Software then analyzes the field map, often using a brain-extraction algorithm (for neuroimaging) to isolate the tissue of interest from surrounding anatomy. It calculates which shim coil currents need to change and by how much, using a least-squares optimization that minimizes the remaining field variation. The updated currents are applied, and the scanner is ready to image. The entire automated procedure typically finishes within two minutes, adding only a brief pause to the patient’s time in the scanner.
What Happens When Shimming Is Poor
The consequences of inadequate shimming are most visible in magnetic resonance spectroscopy (MRS), a technique that identifies specific chemicals in living tissue based on their unique signal frequencies. Each chemical produces a narrow peak on a spectrum, and the width of that peak depends directly on how uniform the field is. Poor shimming broadens the peaks until they overlap and become impossible to tell apart.
In one documented example, the full width at half maximum (a standard measure of peak sharpness) reached 29.3 Hz, roughly double the 15 Hz threshold considered acceptable. At that level, key brain metabolites like choline and creatine could not be distinguished from each other, making the entire scan clinically useless. Improving the shimming algorithm in the same study brought the water peak linewidth from 10.5 Hz down to 6.1 Hz, a change that significantly boosted both signal clarity and the accuracy of chemical measurements.

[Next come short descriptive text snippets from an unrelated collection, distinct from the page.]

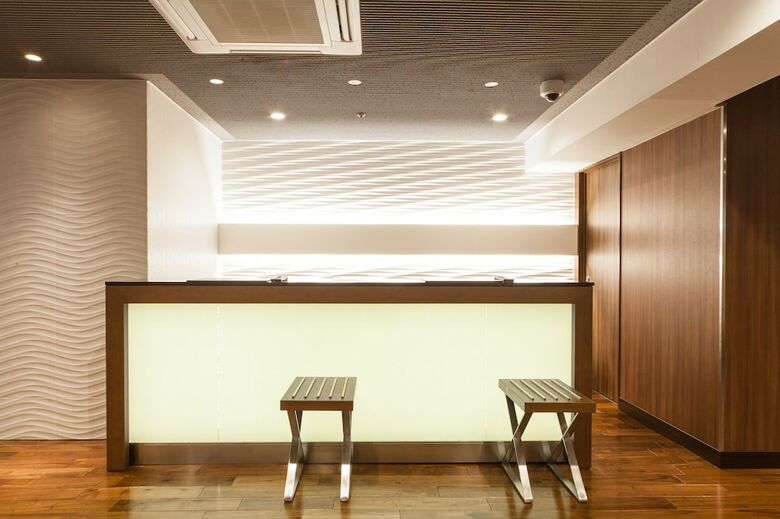 Hotel Mystays Shinsaibashi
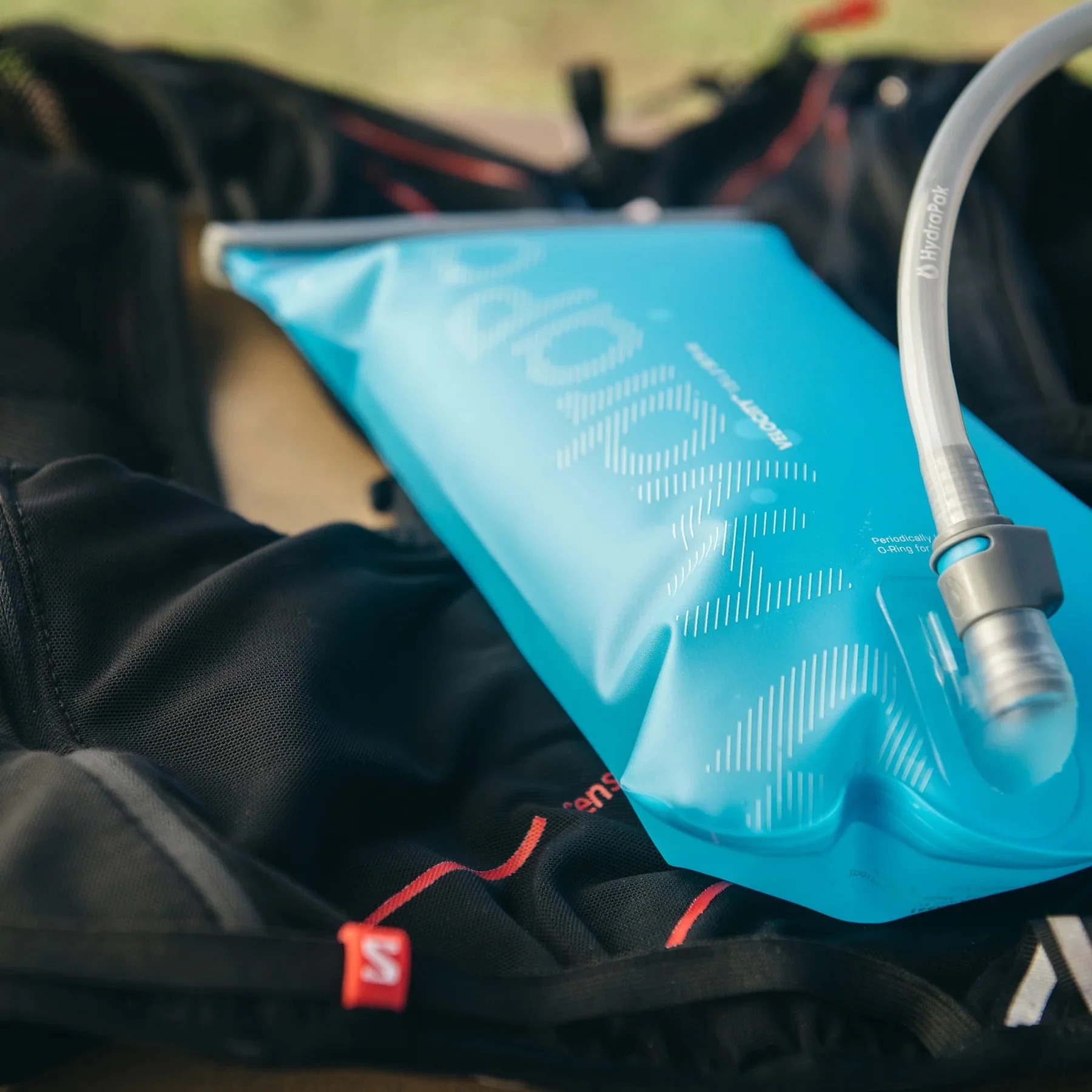 Hydrapak | Velocity | Reservoir | 2 Liter - Image 4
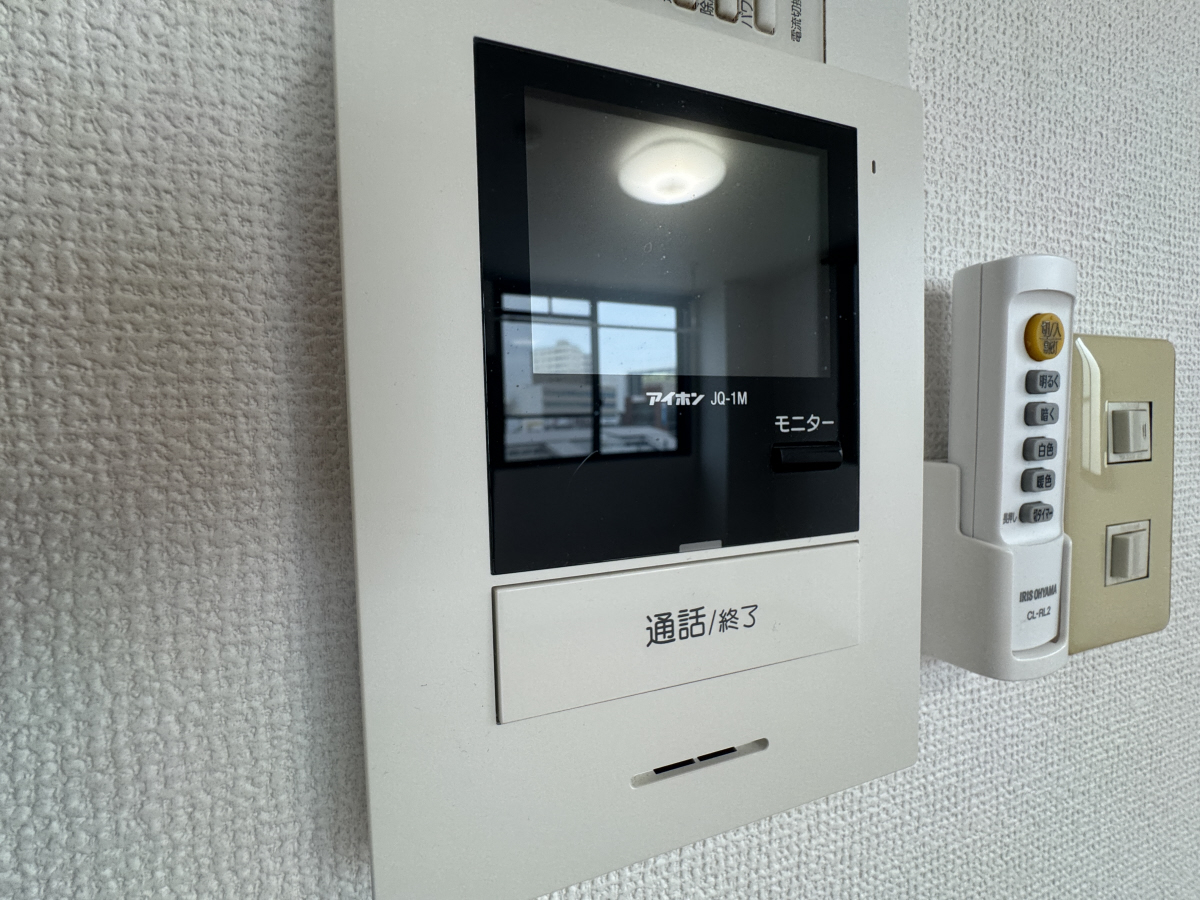 セキュリティ 写真11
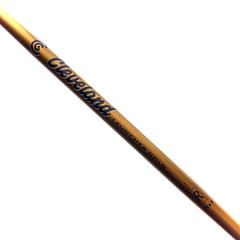 Used Cleveland Launcher Titanium 3 Fairway Wood / 15 Degrees / Regular Flex - Image 7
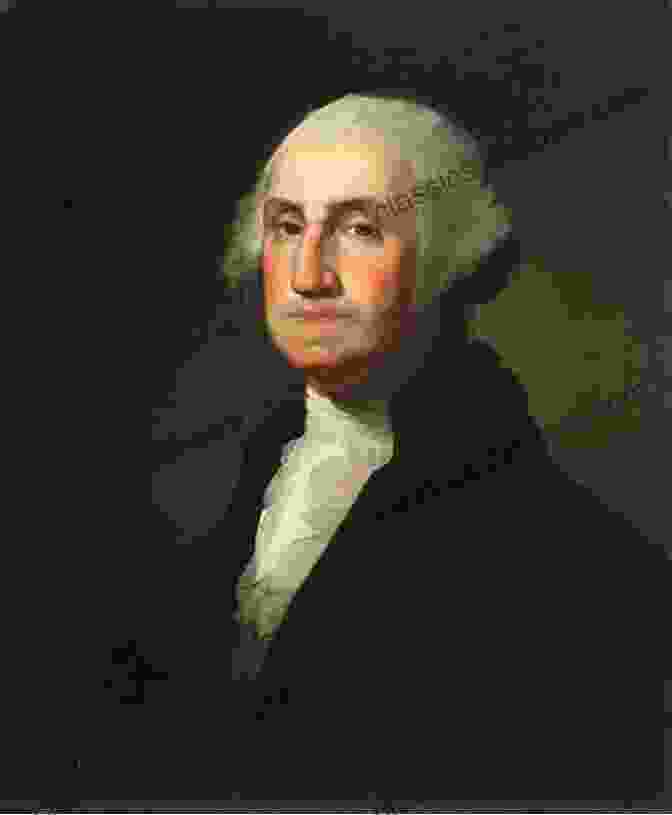 George Washington, The First President Of The United States The Complete List Of US Presidents From 1789 To 2024 US History Kids Children S American History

For standard MRI imaging, poor shimming causes subtler but still problematic artifacts. Fat suppression techniques, which rely on precise frequency targeting, fail when the field drifts. Geometric distortions creep into echo-planar sequences, warping the apparent shape of brain structures. Signal can drop out entirely near air-tissue boundaries like the sinuses if the local field deviation overwhelms the scanner’s correction capacity.
Shimming at Different Field Strengths
Higher field strengths produce stronger signals and sharper images in theory, but they also amplify every source of field inhomogeneity. A tissue boundary that creates a barely noticeable distortion at 1.5 tesla becomes a significant artifact at 3 tesla and a major challenge at 7 tesla. This is why ultra-high-field systems rely on higher-order shim coils and more sophisticated automated shimming routines. The payoff is substantial: when shimming is done well at high field, the gains in image quality and spectral resolution far exceed what lower-field systems can achieve, even with perfect shimming.
For clinical scanners operating at 1.5 or 3 tesla, the built-in auto-shim routines are generally sufficient for most imaging protocols. Spectroscopy at any field strength demands more careful shimming, and technologists may run the shimming procedure multiple times or manually fine-tune the result before collecting data.